=== Begin Enclosure ===
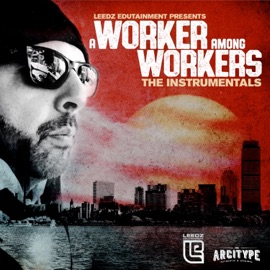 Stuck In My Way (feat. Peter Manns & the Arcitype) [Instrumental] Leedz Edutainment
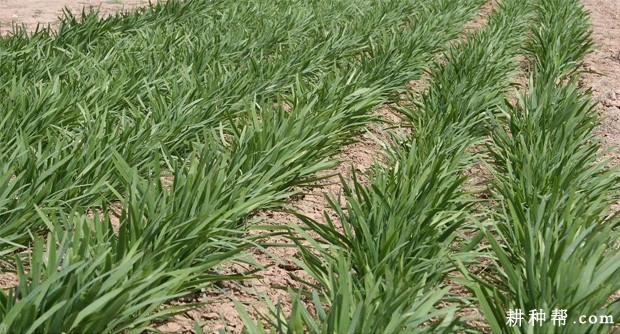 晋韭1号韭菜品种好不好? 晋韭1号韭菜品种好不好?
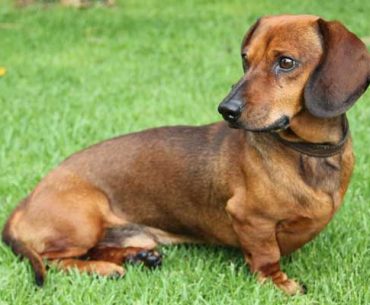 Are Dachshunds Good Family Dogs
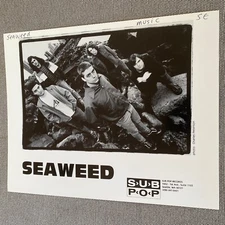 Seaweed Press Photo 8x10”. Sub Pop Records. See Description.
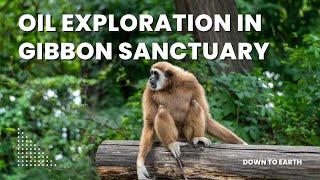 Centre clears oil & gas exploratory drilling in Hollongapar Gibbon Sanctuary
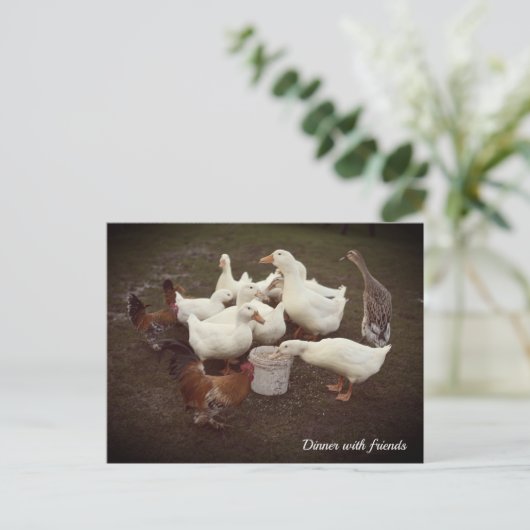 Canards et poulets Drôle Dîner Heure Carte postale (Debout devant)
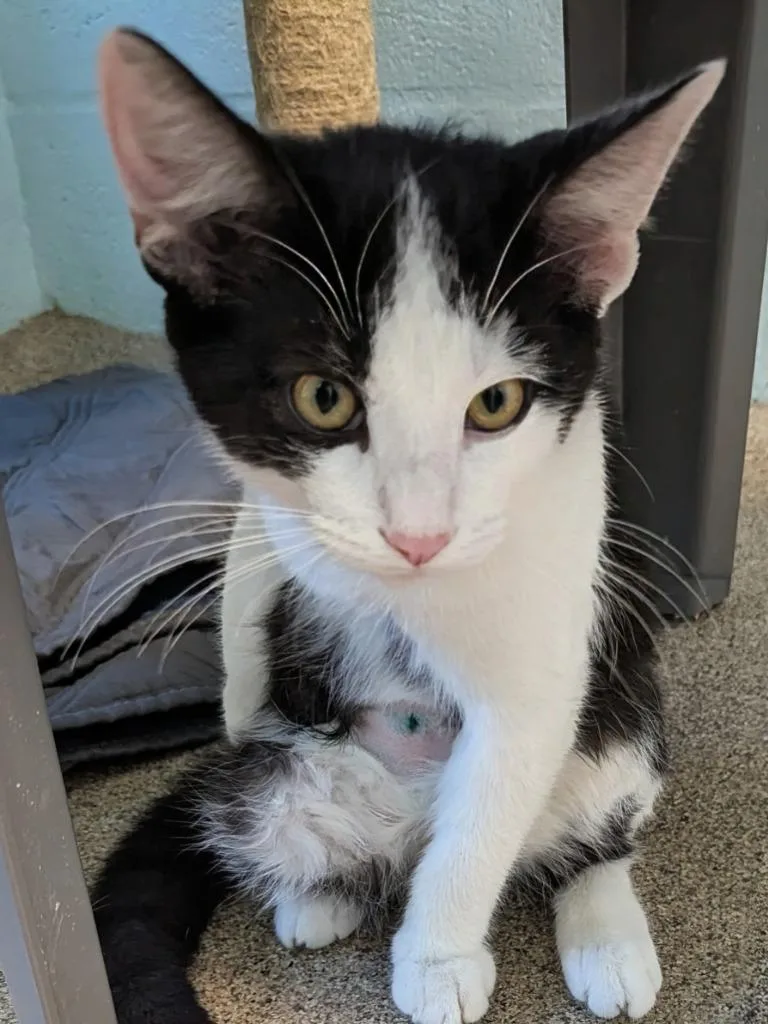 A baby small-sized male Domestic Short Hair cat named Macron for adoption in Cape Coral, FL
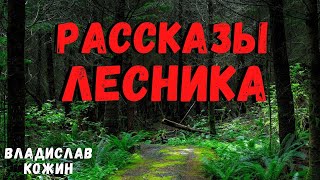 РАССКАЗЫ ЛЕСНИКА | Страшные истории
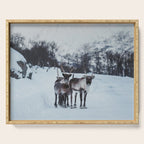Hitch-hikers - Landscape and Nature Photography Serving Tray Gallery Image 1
=== End Enclosure ===
About this exercise>
Please print exactly the lines from the line containing "晋韭1号韭菜品种好不好? 晋韭1号韭菜品种好不好?" through the end of the records above, both included, leaving out every picture.

Answer space>
 晋韭1号韭菜品种好不好? 晋韭1号韭菜品种好不好?
 Are Dachshunds Good Family Dogs
 Seaweed Press Photo 8x10”. Sub Pop Records. See Description.
 Centre clears oil & gas exploratory drilling in Hollongapar Gibbon Sanctuary
 Canards et poulets Drôle Dîner Heure Carte postale (Debout devant)
 A baby small-sized male Domestic Short Hair cat named Macron for adoption in Cape Coral, FL
 РАССКАЗЫ ЛЕСНИКА | Страшные истории
Hitch-hikers - Landscape and Nature Photography Serving Tray Gallery Image 1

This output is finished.